Kodak warned in November that it might not survive 2012 if it was unable to secure $500 million in new debt or sell its patents. The company's cash had been shrinking as sales of its consumer products have failed to keep up with its heavy cost base, which includes employees and offices around the globe.
Kodak invented the digital camera in 1975 when one of its engineers developed a prototype that was as big as a toaster and captured black and white images. But it failed to capitalize on that innovation, and it was only when Kodak's film business began to decline a decade ago that it tried to catch up with rivals by launching a mass-market line of digital cameras.
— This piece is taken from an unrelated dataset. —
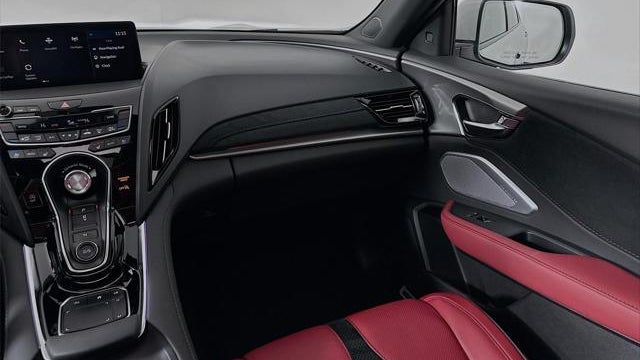 2024 Acura RDX SH-AWD w/Advance w/A-SPEC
The company has been beset by bankruptcy speculation since it drew down a credit line last September. It also hired restructuring firm FTI and confirmed that a law firm known for dealing with bankruptcy was doing work for it.
Last week, Kodak announced the resignation of three directors, including two representatives of private equity firm KKR & Co and a professor from the University of California, leading some industry experts to speculate that a Chapter 11 filing was imminent.
On Tuesday, Kodak said its stock may be removed from the New York Stock Exchange if the company cannot boost its share price over the next six months.
Kodak, which had $862 million in cash at the end of September, down from $1.4 billion a year earlier, is scheduled to report fourth-quarter results on January 26.
As part of its efforts to raise cash, Kodak has been looking since last July for a buyer for its 1,100 digital patents, with the help of investment bank Lazard Ltd.
The Journal said Kodak is still trying to sell the patents, which could help it stave off a bankruptcy filing. If Kodak does seek Chapter 11 protection, it could try to sell its patents through a bankruptcy auction supervised by a court.